Exercise goal = Every line below should be set down exactly as it appears.

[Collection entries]
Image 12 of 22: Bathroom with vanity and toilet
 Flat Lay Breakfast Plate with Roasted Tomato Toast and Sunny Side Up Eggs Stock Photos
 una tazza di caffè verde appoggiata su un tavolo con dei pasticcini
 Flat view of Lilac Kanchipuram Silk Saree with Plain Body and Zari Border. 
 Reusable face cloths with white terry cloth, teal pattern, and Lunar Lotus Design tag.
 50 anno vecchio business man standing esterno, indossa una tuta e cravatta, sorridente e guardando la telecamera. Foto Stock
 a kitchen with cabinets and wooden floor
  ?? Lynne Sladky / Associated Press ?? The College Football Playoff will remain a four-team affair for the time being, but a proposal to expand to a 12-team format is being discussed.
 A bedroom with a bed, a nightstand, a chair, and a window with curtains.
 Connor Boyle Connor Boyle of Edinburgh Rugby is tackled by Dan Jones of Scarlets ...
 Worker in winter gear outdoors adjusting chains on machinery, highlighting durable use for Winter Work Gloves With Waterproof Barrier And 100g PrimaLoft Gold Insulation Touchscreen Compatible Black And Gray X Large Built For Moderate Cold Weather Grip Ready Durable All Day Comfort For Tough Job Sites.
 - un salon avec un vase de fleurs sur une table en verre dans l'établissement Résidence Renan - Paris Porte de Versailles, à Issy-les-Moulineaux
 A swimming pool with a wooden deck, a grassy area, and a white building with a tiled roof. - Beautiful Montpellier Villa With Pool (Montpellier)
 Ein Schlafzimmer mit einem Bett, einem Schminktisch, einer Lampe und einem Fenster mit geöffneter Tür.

Response to this exercise =
Image 12 of 22: Bathroom with vanity and toilet
 Flat Lay Breakfast Plate with Roasted Tomato Toast and Sunny Side Up Eggs Stock Photos
 una tazza di caffè verde appoggiata su un tavolo con dei pasticcini
 Flat view of Lilac Kanchipuram Silk Saree with Plain Body and Zari Border. 
 Reusable face cloths with white terry cloth, teal pattern, and Lunar Lotus Design tag.
 50 anno vecchio business man standing esterno, indossa una tuta e cravatta, sorridente e guardando la telecamera. Foto Stock
 a kitchen with cabinets and wooden floor
  ?? Lynne Sladky / Associated Press ?? The College Football Playoff will remain a four-team affair for the time being, but a proposal to expand to a 12-team format is being discussed.
 A bedroom with a bed, a nightstand, a chair, and a window with curtains.
 Connor Boyle Connor Boyle of Edinburgh Rugby is tackled by Dan Jones of Scarlets ...
 Worker in winter gear outdoors adjusting chains on machinery, highlighting durable use for Winter Work Gloves With Waterproof Barrier And 100g PrimaLoft Gold Insulation Touchscreen Compatible Black And Gray X Large Built For Moderate Cold Weather Grip Ready Durable All Day Comfort For Tough Job Sites.
 - un salon avec un vase de fleurs sur une table en verre dans l'établissement Résidence Renan - Paris Porte de Versailles, à Issy-les-Moulineaux
 A swimming pool with a wooden deck, a grassy area, and a white building with a tiled roof. - Beautiful Montpellier Villa With Pool (Montpellier)
 Ein Schlafzimmer mit einem Bett, einem Schminktisch, einer Lampe und einem Fenster mit geöffneter Tür.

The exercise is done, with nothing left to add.